Soll also der G20-Gipfel kommendes Jahr in Hamburg stattfinden und der dazugehörige Gegengipfel ebenso. Dabei könnte man es als Nichteingeladener schulterzuckend bewenden lassen – wenn da nicht die Sicherheitsfrage wäre: Die Stadt über Wochen in einen Hochsicherheitstrakt zu verwandeln, weil hier die Mächtigen miteinander verhandeln – das wäre ein hoher Preis.

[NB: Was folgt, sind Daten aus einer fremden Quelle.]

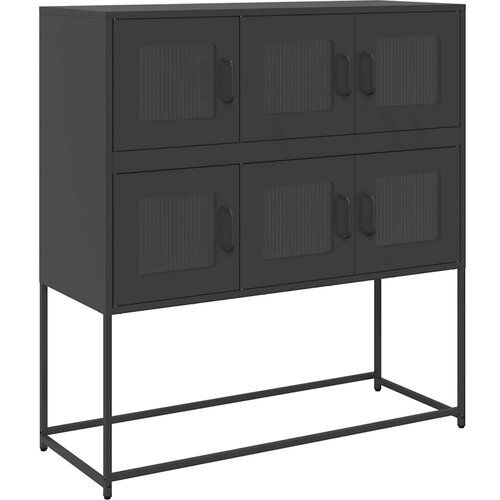Maison Chic Komoda - Predalnik črna 100,5x39x107 cm hladno valjano jeklo, (21718144) Slike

Und sogar der wäre angemessen – unter Berücksichtigung des Arguments, dass man vor dem Terror nicht weichen dürfe. Ein Gipfel ist ein potenzielles Anschlagsziel, und Fanatiker gibt es überall, so ist nun mal die Welt. Der Preis wäre allerdings zu hoch unter Berücksichtigung des Arguments, dass die Freiheitsrechte der betroffenen Anwohner schwerer wiegen müssen als das Interesse der Gipfelteilnehmer an körperlicher und seelischer Unversehrtheit – so sehr dies auch subjektiv nachvollziehbar ist.
Und hier stößt die praktische Politik eines global eher bedeutungslosen Stadtstaats an ihre Grenzen. Seine Souveränität muss Hamburg im kommenden Jahr faktisch an die Geheim- und Sicherheitsdienste mehr oder minder befreundeter Großmächte abtreten – Rote Flora hin, Grünen-Regierungsbeteiligung her. Welche Verwerfungen das hinterher im politischen Gefüge der Stadt hinterlässt, ist derzeit nebensächlich.
Da ist es gut und richtig, wenn der grüne Justizsenator Till Steffen jetzt schon warnend seine Stimme erhebt. Aber sollte der Gipfel nicht friedlich über die Bühne gehen, dann werden auch in Hamburg Bürger- und vielleicht sogar Menschenrechte auf dem Altar der Globalisierung geopfert werden.